Karşılayacağım ve uğurlayacağım kimse olmasa da.
Trenler bana hüzün verir. Kavuşmaları değil de ayrılıkları çağrıştırır. Hele tren istasyonları; kalabalıklardan, seslerden, gülüşmelerden, ağlamalardan sonra gömüldükleri sessizlik. Terk edilen, trenlerin uğramadığı istasyonlar daha da mahzundur. İnsansız ömür sürdürmek nasıl bir ömür törpüsüdür.
Cansızlar için söylediğimiz bir söz vardır: Ah dili olsa da anlatsa. Bu garları, istasyonları Aykut Tankuter dillendirmiş.
İlk kez İstanbul dışında bir küçük istasyona, Arifiye’ye indiğimde şaşırmıştım. Neden? Bir şehri istasyondan tanımak gibi abes bir çabaya girdiğimden mi?..
Garlar, istasyonlar.
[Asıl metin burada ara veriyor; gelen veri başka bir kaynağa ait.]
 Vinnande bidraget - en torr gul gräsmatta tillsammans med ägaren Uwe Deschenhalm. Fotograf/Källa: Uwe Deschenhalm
Hepimizin belleğinde hem bireysel yaşamımızdan kalan anılarda var olur, hem unutamadığımız film karelerinde. İkinci Dünya Savaşı’nı anlatan filmlerde ne kadar çok gar sahnesi vardır.
* * *
TREN. Tek kelimelik bir albüm. Özcan Ağaoğlu/Erhan Gürkan’ın siyah-beyaz fotoğrafları. Şömizin ön kapağında ve arka kapağında bir bilet. Bundan daha büyük çağrışımlı simge ne olabilir ki!
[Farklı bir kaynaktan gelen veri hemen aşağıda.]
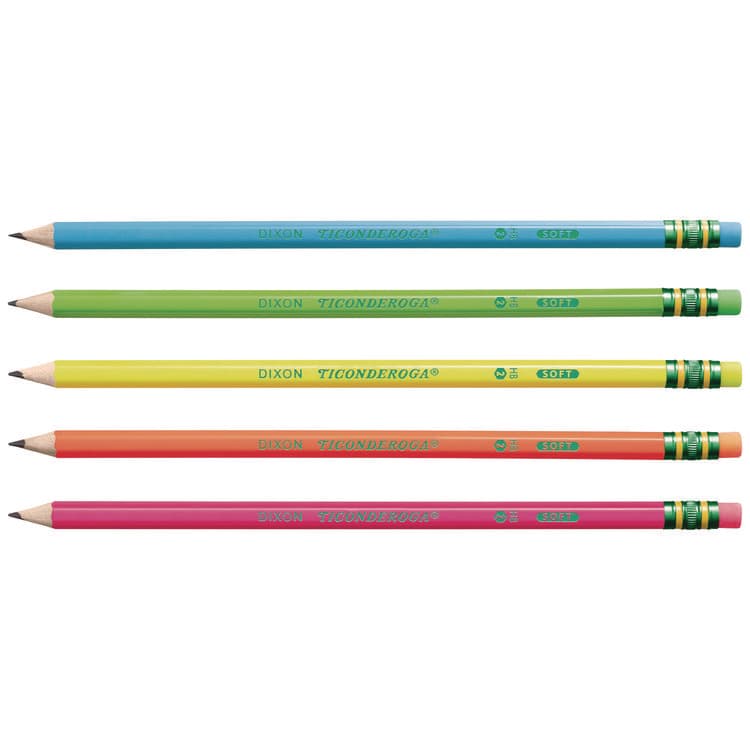 DIXON TICONDEROGA CO. Pre-Sharpened Pencil, 2.2 mm, HB (#2), Black Lead, Neon Assorted Barrel Colors, 18/Pack (DIXX13018) thumbnail 4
Demiryolculara adadıkları kitabın başına Susan Sontag’ın bir sözünü almışlar:
‘Mallarme dünyadaki her şeyin bir kitapta son bulmak için var olduğunu söylemişti. Bugünse her şey bir fotoğrafta son bulmak için var oluyor...’
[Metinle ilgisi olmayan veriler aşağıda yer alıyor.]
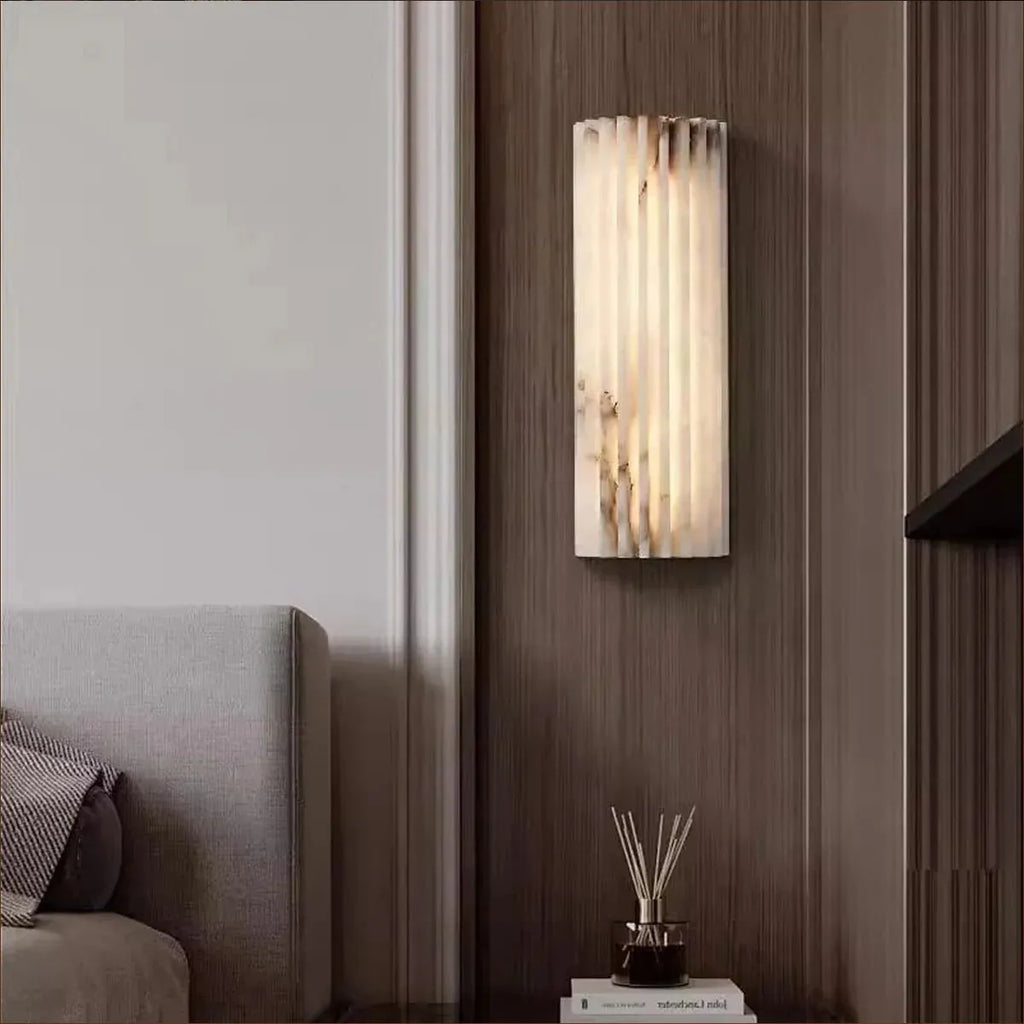Hand‑Carved Alabaster Wall Light – Built‑In LED with Sculptural Design - View 3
Trene dair düşündüklerimi, düşünebileceklerimi zenginleştirdi bu albüm. Hayal gücümün katsayısını artırdı, insan yüzlerinin öyküsünü yazmaya çağırdı beni.
Tren kompartımanlarından Anadolu insanının tarihini yazabilirsiniz, bu fotoğraflara bakarak.
Gürkan’ın dediğine kim katılmaz: Havaalanları da, yolcuları da bakımlıdır. Sahici insan yerine robotlar gibi yürürler. Havaalanındakilerin ellerinde Bond çantaları vardır, azıkları yoktur, trende yiyecekleri.
Ya garlar, karmaşanın sahnelendiği bir oyun gibidir.
Ağaoğlu da, ‘Yaşamı rayların üzerinde fotoğraflıyorum’ demiş.
5 yıl 20.000 kilometre. Tutkunun ürünü bunlar.
Gürkan’ın Fırat Ekspresi fotoğrafı, bir köy romanının ilk sayfalarını özetliyor. Öbür fotoğraflara bakarsanız, esin perisi size dargın değilse, bir roman, en azından bir öykü yazabilirsiniz.
Özcan Ağaoğlu’nun Posta’sı vagonun içinden, yok yok eksik söyledim gündelik hayattan bir kare.
Trenlere özgü bir hayattan bahsedilebilir mi? Neden olmasın? Siyasal tarihimizde de, toplumsal tarihimizde de, onsuz hiçbir şeyi anlatamayız.
Bilinen sözü tekrarlamaktan niye kaçınayım? Trenleri görsem, trene binsem, tren yolcularını görsem, Özcan Ağoğlu ile Erhan Gürkan’ın fotoğraflarını anımsayacağım, hemen albümü açıp bakacağım. Gerçekle sanat buluşacak, gördüğümle çekilen örtüşecek. Belki de, trene dair bir yazı için, sadece onların fotoğraflarına bakacağım.